Its chief executive James Thornton said: "The Government has trumpeted some promising measures with its air quality plans, but we need to see the detail.

"A clear policy to move people towards cleaner vehicles by banning the sale of petrol and diesel cars and vans after 2040 is welcome, as is more funding for local authorities.

"However, the law says ministers must bring down illegal levels of air pollution as soon as possible, so any measures announced in this plan must be focused on doing that."

Liberal Democrat Shadow Transport Secretary Jenny Randerson said: "By scrapping the scrappage scheme the government have U-turned on their offer a life line to the millions of owners of diesel cars up and down the country.
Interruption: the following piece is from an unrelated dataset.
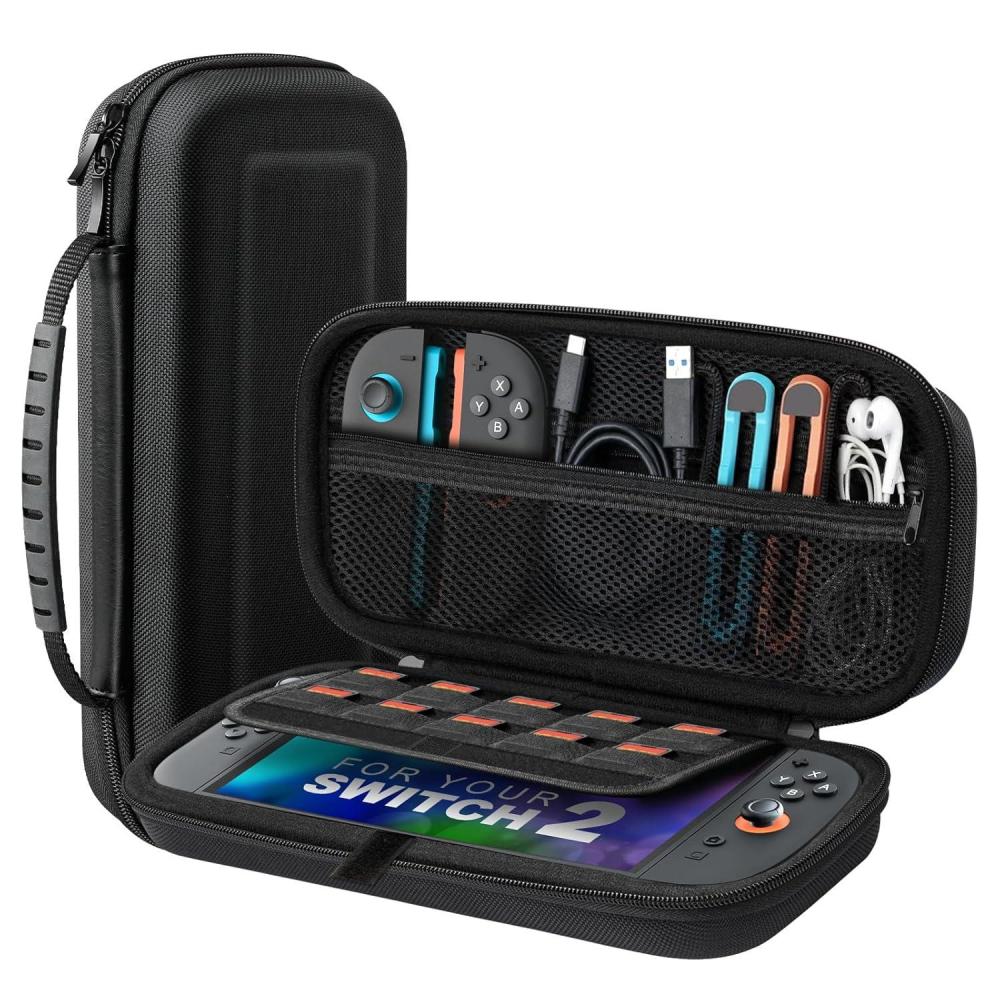 imageTiMOVO Carrying Case for Nintendo Switch 2 2025 Large Capacity Protective Hard Shell Portable Travel Case Pouch for Switch 2 with 10 Game Card Slots and Pockets for Console ampamp Accessories BlackBlack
This is a betrayal to drivers everywhere.

"Air pollution is poisoning our children and leading to causing avoidable deaths across the country. Instead of properly fighting this silent killer the government has flip-flopped, offering tax breaks for cars that they are now banning. The governments feeble attempts to tackle air pollution are too little too late.

"The government needs to take drastic action to end this public health crisis, every moment they sit on their hands more people are breathing in and dying from polluted air.

"The Liberal Democrats have called for all new diesel sales to end by 2025 and a scrappage scheme to help drivers convert to greener vehicles. We are serious about fighting air pollution, this government is not."